Paris, 3 Rue du Colisée.

Jan. 19. [1856] [1]

Dear Chapman,

I received your letter of letters yesterday—all about nothing or next to it. The “immediate” fellow won’t get an autograph out of me by his dodge, I can tell him.* [2] Fields says the book was to appear on the 10th December, [3] —sending some outrageous praises-preliminary from papers he had supplied with early copies. [4] He mentions having sent you the money, [5] & behaves handsomely altogether. This last phrase goes to somebody’s heart, I hope, who has left me these two months without a word about the well or ill doing of my poems. Now do, do pray, dear Chapman, let us have the Christmas account to put a little life & heart into the end of this black month. I have read heaps of critiques at Galignani’s, mostly stupid & spiteful, self-contradicting & contradictory of each other. [6] What effect such “rot” would have on me, in the case of the book being somebody else’s, I know exactly—but how it works with the reading public—you must tell me, if I am ever to know. I suppose we are not at the end of them, and the best comes last, it is to be hoped. Your four reviews arrived safely—many thanks for them. “The British Quarterly” was just what I had not seen and would have lost most by missing. [7] I am a little curious to know what thing that is in the “Rambler,”—a R. Catholic Mag. [8] I have not seen the “Spectator letters,” [9] & many others; if you ever like to snip out a column of these and post it hither, it will be kind in you– But kinder to ask forthwith your kind nephew [10] to make out our bill and post us that—so call, call, while the good thought is hot in you & take the thanks beforehand of, Dear Chapman

Yours faithfully,

Robert Browning

*Ask Mr Bailey if his experience confirms my surmise.

Publication: NL, pp. 86–88 (as 17 January 1856).

Manuscript: Pierpont Morgan Library.

1. Year provided by reference to the return address.

2. We have been unable to shed further light on RB’s comments.

3. Ticknor and Fields issued the American edition of Men and Women on 8 December 1855 with an 1856 imprint.

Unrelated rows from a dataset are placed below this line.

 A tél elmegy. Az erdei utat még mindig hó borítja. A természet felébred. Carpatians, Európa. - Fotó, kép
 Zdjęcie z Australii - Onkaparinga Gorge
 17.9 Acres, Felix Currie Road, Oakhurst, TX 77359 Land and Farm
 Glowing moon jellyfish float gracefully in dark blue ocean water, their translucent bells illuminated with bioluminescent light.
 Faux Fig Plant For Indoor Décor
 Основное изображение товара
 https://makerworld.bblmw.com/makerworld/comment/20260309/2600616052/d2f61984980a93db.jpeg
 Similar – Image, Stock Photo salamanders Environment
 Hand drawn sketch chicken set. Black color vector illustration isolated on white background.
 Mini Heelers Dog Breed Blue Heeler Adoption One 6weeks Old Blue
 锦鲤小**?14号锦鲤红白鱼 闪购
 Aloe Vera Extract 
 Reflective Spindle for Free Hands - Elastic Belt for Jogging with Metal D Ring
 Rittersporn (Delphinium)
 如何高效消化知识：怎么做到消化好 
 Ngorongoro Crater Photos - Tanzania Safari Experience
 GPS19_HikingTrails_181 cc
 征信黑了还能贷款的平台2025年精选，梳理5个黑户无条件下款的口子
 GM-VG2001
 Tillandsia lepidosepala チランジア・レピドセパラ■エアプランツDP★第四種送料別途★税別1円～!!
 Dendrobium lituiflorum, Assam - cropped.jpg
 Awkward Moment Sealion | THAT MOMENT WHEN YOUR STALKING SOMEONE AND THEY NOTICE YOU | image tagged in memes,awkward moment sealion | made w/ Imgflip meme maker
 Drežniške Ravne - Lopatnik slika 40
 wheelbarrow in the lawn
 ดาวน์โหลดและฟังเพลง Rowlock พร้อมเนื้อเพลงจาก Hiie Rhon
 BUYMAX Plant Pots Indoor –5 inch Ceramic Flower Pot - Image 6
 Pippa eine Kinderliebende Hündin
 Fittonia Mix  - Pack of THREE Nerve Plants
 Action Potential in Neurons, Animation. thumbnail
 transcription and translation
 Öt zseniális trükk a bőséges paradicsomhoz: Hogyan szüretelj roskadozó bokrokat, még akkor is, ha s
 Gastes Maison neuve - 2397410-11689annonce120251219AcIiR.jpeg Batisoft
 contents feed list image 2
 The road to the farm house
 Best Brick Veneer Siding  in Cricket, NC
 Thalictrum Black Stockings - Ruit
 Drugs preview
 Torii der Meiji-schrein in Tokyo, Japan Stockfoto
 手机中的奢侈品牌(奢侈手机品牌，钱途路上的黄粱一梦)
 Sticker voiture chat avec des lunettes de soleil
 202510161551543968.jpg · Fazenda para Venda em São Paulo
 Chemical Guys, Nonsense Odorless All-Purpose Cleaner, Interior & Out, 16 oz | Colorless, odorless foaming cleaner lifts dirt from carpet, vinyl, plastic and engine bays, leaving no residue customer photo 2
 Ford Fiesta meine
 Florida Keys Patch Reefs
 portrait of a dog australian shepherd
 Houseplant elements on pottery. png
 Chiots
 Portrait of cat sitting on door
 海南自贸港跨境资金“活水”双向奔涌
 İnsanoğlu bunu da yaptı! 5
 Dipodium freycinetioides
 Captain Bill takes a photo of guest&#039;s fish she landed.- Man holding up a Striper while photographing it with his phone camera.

As RB indicates in letter 3728, Fields’s letter, dated 3 December, and the American reviews were part of Chapman’s packet that arrived the day before.

4. Of the four American reviews of Men and Women that we have traced for the period prior to the date of Fields’s letter (3 December), two of them may be said to contain “outrageous praises-preliminary.” In Putnam’s Monthly Magazine for December 1855 (pp. 655–656), the reviewer declares: “Every lover of poetry must read this book; every man who likes to see that the world and human power do not grow old.” The reviewer in The Albion (1 December 1855, p. 573) writes: “Since Shakespeare, it may be doubted whether we have had any dramatist to compare with Robert Browning.” For the full text of these reviews, see Appendix III.

5. £60; see letter 3646.

6. For the full text of the reviews of Men and Women, see Appendix III.

7. In the lengthy, positive notice of Men and Women that appeared in The British Quarterly Review of 1 January 1856 (pp. 151–180), the reviewer, David Masson, begins by declaring that “among the English authors of our day, very few, indeed, could be compared with Mr. Browning for power and originality of mind” (p. 151). For the full text of this review, see pp. 357–368.

8. The Rambler reviewed Men and Women in the January 1856 issue (pp. 54–71). The reviewer, Richard Simpson (1820–76), paid special attention to “Bishop Blougram’s Apology,” something RB was probably anticipating. For the full text of this review, see pp. 348–354. The Rambler (1848–62) was founded by liberal Catholic converts whose “aim was to unite an intelligent and hearty acceptance of Catholic dogma with free enquiry and discussion on questions which the Church left open to debate” (The Catholic Encyclopedia, New York, 1907–13).

9. Presumably, RB refers to the numerous letters to the editor concerning the Crimean War that appeared in The Spectator during this period.

10. Actually it was Edward Chapman’s cousin, Frederic Chapman (1823–95). He began working for Chapman and Hall as a clerk at the age of 18, was made a partner in 1858, and became sole proprietor when Edward retired in 1866 (see Appendix I).